Gabriello Mancini ha accettato di ricevere il “suo” candidato presidente Profumo con la squadra di maggioranza al completo in casa sua, in Banchi di Sotto. Ricompattamento dell’altra maggioranza (quella del comune) o buon viso a cattivo gioco? La mancanza in serata del solito immancabile comunicato congiunto Comune-Provincia di benvenuto ci lascia qualche dubbio. Ma sicuramente per Mancini trattasi di atto di cortesia dovuto in ogni caso, visto che tra dieci giorni Alessandro Profumo sarà il presidente di Banca Monte dei Paschi. Che certo corre anche il rischio di essere come Giovanni Paolo I, papa per 33 giorni e poi addio: nel mese di maggio un giudice milanese dovrà decidere se rinviarlo a giudizio per una storia di reati fiscali (uno dei reati più antipatici per chi fa il banchiere di professione perché ne mina la credibilità personale alle fondamenta, per cui facciamo il tifo che tutto si risolva in una bolla di sapone). Ma questo passa il convento e altri nomi spendibili a Siena per traghettare altrove la banca, secondo i “desiderata romani”, pare non ce ne siano. Perché portare via da Siena il Monte è quanto mai facile, basterebbe una aggiustatina al capitale sociale con una motivazione ineccepibile. Ora che l’Abi ha rivelato ufficialmente di mettere Giuseppe Mussari nella condizione di essere rieletto presidente delle banche nazionali, la cosiddetta “finanza rossa”, con i fidi Turiddo Campaini (presidente Coop) e Marco Turchi (beniamino di D’Alema) nel ruolo di vicepresidenti di garanzia, userà il grimaldello dei Tremonti Bond per completare l’opera e trasferire la sede ove sembrerà più conveniente.

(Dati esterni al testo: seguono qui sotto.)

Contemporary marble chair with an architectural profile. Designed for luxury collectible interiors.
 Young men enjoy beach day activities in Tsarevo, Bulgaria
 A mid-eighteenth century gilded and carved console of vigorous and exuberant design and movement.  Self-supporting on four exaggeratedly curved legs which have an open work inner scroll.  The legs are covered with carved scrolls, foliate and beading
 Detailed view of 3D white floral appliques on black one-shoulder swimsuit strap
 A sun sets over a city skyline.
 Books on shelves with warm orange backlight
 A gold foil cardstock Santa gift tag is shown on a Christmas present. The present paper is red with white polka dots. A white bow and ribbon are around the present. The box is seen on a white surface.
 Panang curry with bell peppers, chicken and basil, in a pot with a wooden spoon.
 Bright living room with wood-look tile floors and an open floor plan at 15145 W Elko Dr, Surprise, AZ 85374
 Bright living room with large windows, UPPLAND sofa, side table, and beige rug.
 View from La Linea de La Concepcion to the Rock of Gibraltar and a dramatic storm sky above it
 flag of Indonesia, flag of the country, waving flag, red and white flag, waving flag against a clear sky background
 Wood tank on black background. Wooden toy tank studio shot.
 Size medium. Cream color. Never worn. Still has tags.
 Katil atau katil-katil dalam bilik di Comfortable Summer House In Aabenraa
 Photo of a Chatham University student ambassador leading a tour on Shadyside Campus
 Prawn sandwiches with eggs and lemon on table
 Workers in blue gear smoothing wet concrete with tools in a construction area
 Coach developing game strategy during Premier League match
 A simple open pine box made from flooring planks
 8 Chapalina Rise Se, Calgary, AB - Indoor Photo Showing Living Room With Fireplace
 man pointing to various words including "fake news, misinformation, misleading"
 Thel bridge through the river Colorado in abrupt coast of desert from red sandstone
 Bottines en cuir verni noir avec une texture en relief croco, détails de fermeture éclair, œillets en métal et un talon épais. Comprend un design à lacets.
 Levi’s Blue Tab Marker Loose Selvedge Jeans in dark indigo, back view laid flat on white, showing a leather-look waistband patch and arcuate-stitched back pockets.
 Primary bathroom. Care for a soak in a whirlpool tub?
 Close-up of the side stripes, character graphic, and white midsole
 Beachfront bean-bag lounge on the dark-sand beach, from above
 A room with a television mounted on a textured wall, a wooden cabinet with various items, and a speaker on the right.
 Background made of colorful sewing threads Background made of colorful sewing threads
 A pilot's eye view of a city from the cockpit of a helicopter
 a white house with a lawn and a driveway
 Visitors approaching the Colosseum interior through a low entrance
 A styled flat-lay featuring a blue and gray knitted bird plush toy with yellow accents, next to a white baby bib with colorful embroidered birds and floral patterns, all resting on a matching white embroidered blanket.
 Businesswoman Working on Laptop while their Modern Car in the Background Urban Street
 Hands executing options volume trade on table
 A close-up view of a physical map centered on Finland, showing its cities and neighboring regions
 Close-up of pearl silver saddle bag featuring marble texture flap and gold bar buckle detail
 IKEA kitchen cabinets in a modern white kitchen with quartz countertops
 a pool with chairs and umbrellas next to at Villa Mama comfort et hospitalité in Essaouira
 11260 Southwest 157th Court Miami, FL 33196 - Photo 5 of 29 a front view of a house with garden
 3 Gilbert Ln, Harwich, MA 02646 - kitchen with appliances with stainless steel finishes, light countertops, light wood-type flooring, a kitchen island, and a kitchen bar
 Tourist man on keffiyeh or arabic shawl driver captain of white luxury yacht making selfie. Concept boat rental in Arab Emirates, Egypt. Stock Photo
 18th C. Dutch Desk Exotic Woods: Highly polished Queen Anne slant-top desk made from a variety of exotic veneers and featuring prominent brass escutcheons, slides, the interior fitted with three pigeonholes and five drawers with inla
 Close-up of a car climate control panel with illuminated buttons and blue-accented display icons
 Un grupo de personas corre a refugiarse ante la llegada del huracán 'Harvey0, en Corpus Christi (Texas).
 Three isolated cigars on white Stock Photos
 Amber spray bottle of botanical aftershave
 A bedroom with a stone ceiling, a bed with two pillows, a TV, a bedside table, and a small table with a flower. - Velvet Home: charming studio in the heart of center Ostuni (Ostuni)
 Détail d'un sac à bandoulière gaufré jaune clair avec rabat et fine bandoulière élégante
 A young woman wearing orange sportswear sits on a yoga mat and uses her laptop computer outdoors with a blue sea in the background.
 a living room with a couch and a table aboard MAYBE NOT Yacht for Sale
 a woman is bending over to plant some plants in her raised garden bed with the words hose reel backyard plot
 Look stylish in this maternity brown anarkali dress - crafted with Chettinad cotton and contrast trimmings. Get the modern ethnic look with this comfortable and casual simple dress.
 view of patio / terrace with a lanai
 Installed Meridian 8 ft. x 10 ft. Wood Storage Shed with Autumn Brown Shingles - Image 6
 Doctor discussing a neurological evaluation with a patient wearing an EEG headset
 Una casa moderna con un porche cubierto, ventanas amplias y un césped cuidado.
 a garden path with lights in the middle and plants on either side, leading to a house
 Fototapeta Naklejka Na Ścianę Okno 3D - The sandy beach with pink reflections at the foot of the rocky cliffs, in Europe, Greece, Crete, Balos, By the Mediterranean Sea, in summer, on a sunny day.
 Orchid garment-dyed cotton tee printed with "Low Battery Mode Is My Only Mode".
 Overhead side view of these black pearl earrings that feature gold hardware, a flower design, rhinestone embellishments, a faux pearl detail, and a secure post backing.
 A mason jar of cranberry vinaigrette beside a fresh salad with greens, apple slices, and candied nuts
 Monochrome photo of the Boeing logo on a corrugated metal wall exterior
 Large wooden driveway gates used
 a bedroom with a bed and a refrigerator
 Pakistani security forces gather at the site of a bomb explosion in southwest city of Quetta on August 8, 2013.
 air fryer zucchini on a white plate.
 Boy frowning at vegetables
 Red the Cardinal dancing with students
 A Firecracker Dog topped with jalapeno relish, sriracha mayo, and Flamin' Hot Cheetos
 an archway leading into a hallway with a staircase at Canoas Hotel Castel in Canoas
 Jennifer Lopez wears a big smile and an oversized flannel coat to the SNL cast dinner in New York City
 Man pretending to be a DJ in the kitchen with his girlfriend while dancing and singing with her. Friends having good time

Il 12 luglio 2011 un raggiante Antonio Vigni aveva detto “adesso ci prepariamo a chiedere in tempi non lunghissimi a Banca d’Italia la facoltà di rimborsare anticipatamente i Tremonti-bond”, sapendo benissimo che non l’avrebbe fatto. Nel frattempo però si sono bruciati 2,15 miliardi dell’aumento fatto e la Fondazione si è ridotta al lumicino. La borsa non ha creduto al tandem Mussari-Vigni benedetto dal Ceccuzzi, neo-sindaco teorico del 51% della Fondazione nel Monte, e il titolo MPS è passato da 0,4892 euro di quel lontano giorno d’estate al fallimentare 0,197 dell’8 gennaio 2012. Il resto della storia è recente…
Attendiamo i dati della prima trimestrale 2012: se confermeranno il trend dell’ultimo trimestre 2011, vedrete che certi scenari non saranno fantaeconomia e catastrofismi.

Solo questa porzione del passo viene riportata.